── Data section ──
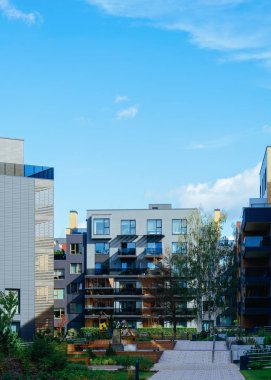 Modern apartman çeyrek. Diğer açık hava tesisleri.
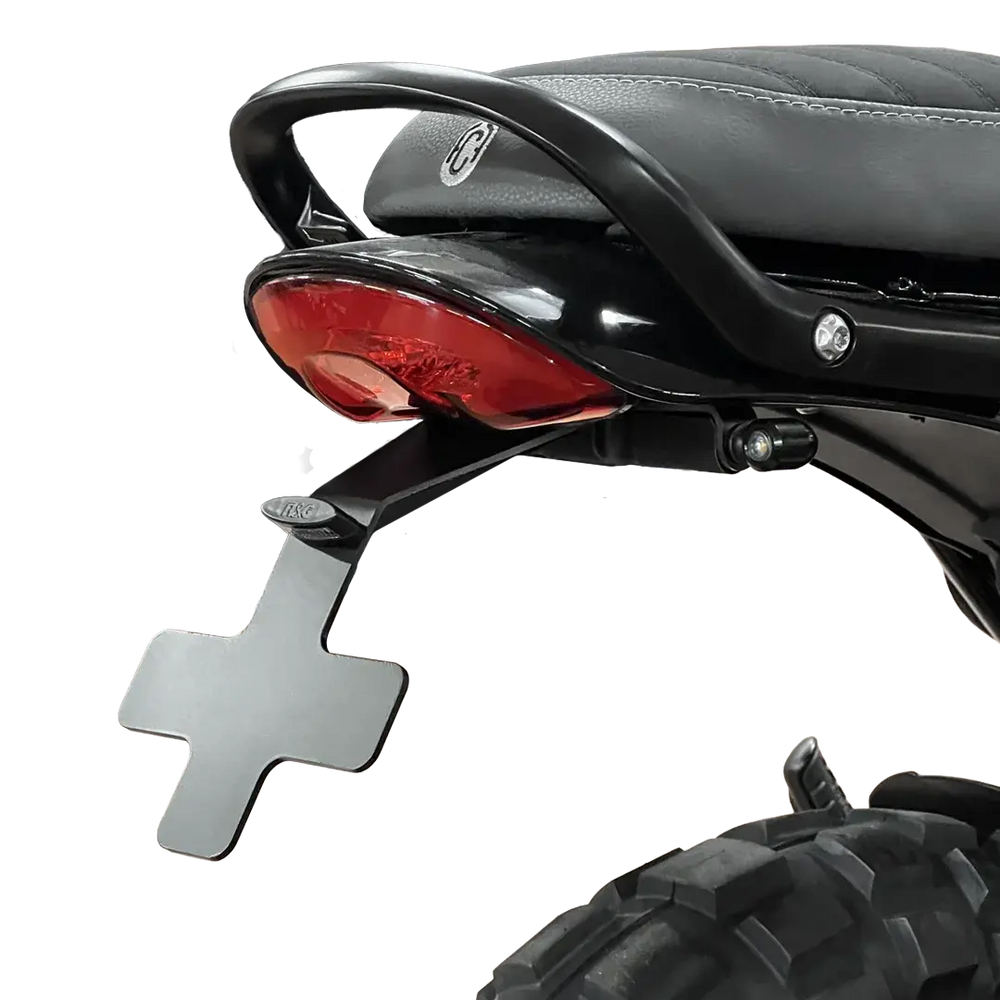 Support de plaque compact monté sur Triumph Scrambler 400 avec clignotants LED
───
── Data section ──
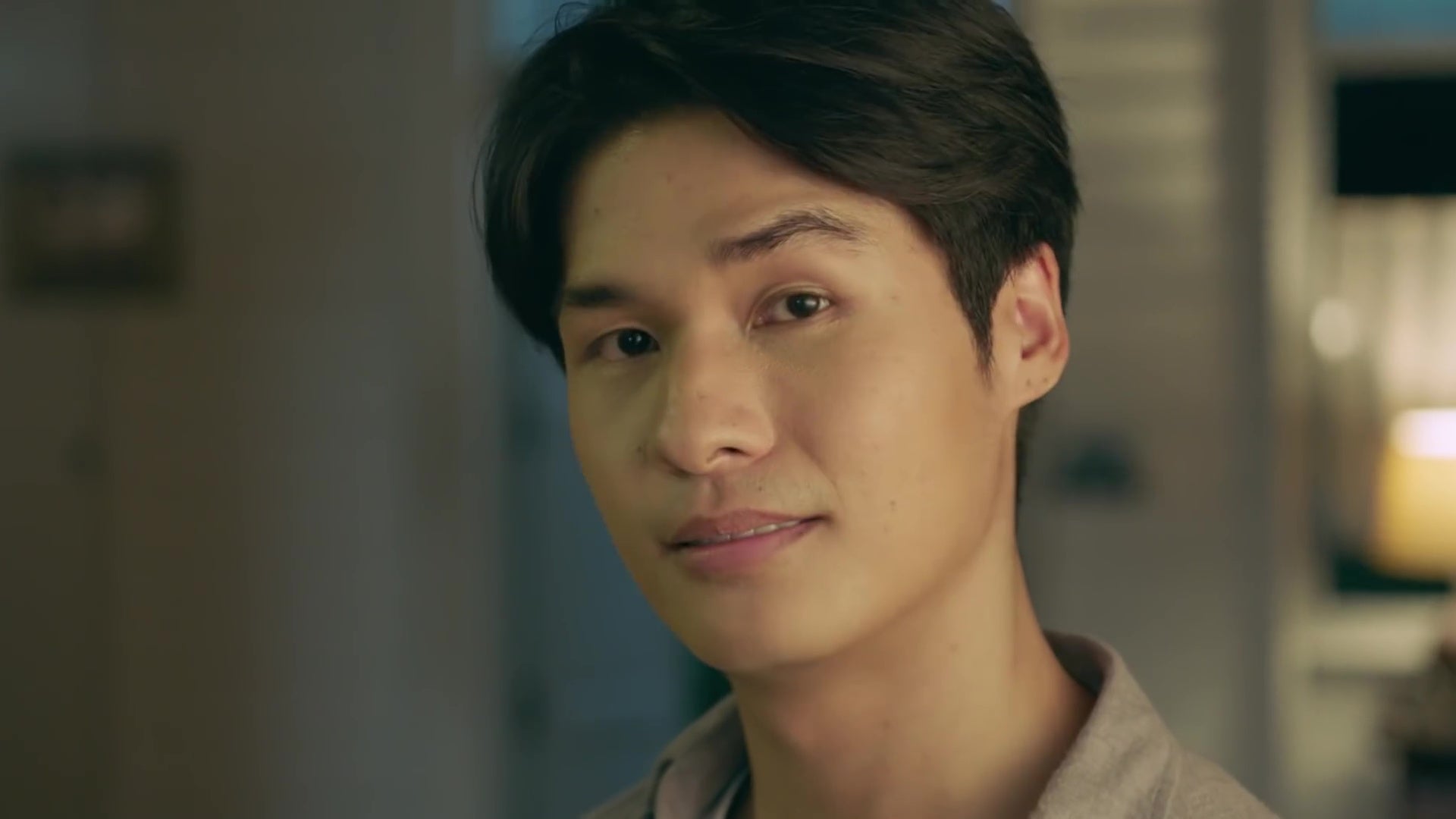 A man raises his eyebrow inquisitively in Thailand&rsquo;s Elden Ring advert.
───
Leaving out the pictures, please output the lines in the entries above from the one with "Modern apartman çeyrek." through the one with "Support de plaque", exactly as they are.

 Modern apartman çeyrek. Diğer açık hava tesisleri.
 Support de plaque compact monté sur Triumph Scrambler 400 avec clignotants LED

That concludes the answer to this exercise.